2020-02-10

The Importance of Defining Credential Types


How many of you have read your access control standard, your compliance standards and then tried to map a set of controls and standards that apply to each account type mentioned? How many have had an incident, and not being sure what type of account is the account in question is, and therefore if the behaviour is actually unusual? Do you have a requirement or policy for shared credentials that do not apply to non-people or visa versa, yet your standard only mentions service accounts?

The first step as an organization, if often to define standards and compliance requirements. Usually, during an engagement, I start by reading these standards. Usually, by the end of the standard, I am horribly confused, and pitty any non-security person trying to make head or tails from such a standard to adhere to the policy. Many times, the same name or term used for multiple account types. Other policies apply to different layers. Like all non-people vs batch. 

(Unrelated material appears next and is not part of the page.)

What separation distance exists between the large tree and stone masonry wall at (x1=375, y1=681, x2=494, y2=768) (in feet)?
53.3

Start by looking at your upstream needs, which are usually your compliance requirements. These are the bare minimum. Make sure your frameworks support all your regulatory requirements and that each requirement for each account type is clearly listed against the account type in your framework at the right level. 

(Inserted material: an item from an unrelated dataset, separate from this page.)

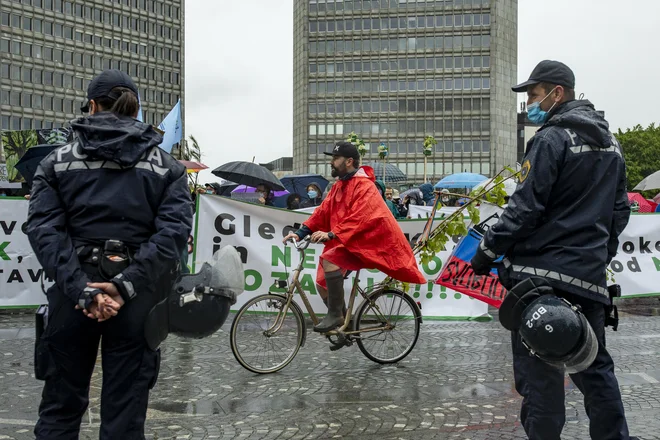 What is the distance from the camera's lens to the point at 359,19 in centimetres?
13075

Then consider your internal or downstream needs. What attributes does your organization need to track and maintain for each identity type and is creating a grouping by this identity attribute make sense? Is there a standard perhaps you wish your organization to have, to ensure these attributes are available for use? Let's take an example. If you planning on using analytics and UEBA, you probably want to define account types based on algorithms you wish to apply. For example, periodic batch credentials have a very different usage pattern to shared people's credentials. If you were to apply an algorithm or policy in your UEBA software specific to monitor batch credentials for misuse, you will need to know the credential is a batch credential. If you don't have the means to identify batch credentials and use the network to "discover them" how do you know if the account is complaint or not already compromised?

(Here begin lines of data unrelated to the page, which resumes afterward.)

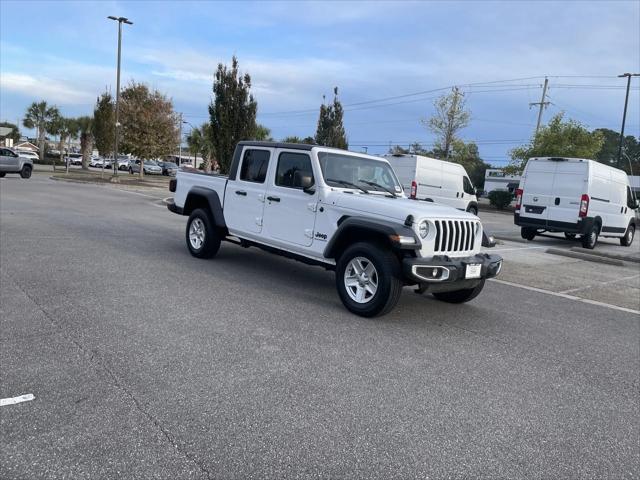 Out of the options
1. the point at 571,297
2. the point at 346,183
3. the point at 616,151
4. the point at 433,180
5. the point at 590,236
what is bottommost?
the point at 571,297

If you find you get too many, create a 3rd layer to the right. For example people, primary, contractors, when a higher layer grouping meets shares a common set of requirements. 

Retroactively collecting attributes is the hardest challenge. Many vendors offer solutions to use the network as the book of record to collect attributes. This uses the network as the book of record and although it will then identify changes to attributes, it assumes that up until that date, the was full trust and no compromise. With a clear control standard, have the business define the account type they need before it is created, and by doing so, define the controls that apply.

Note: I * privileged credentials, since its not the credential, but the access that would be privileged. That said, your control standard probably has some requirement for credentials with privileged access and hence they need to be represented in your framework.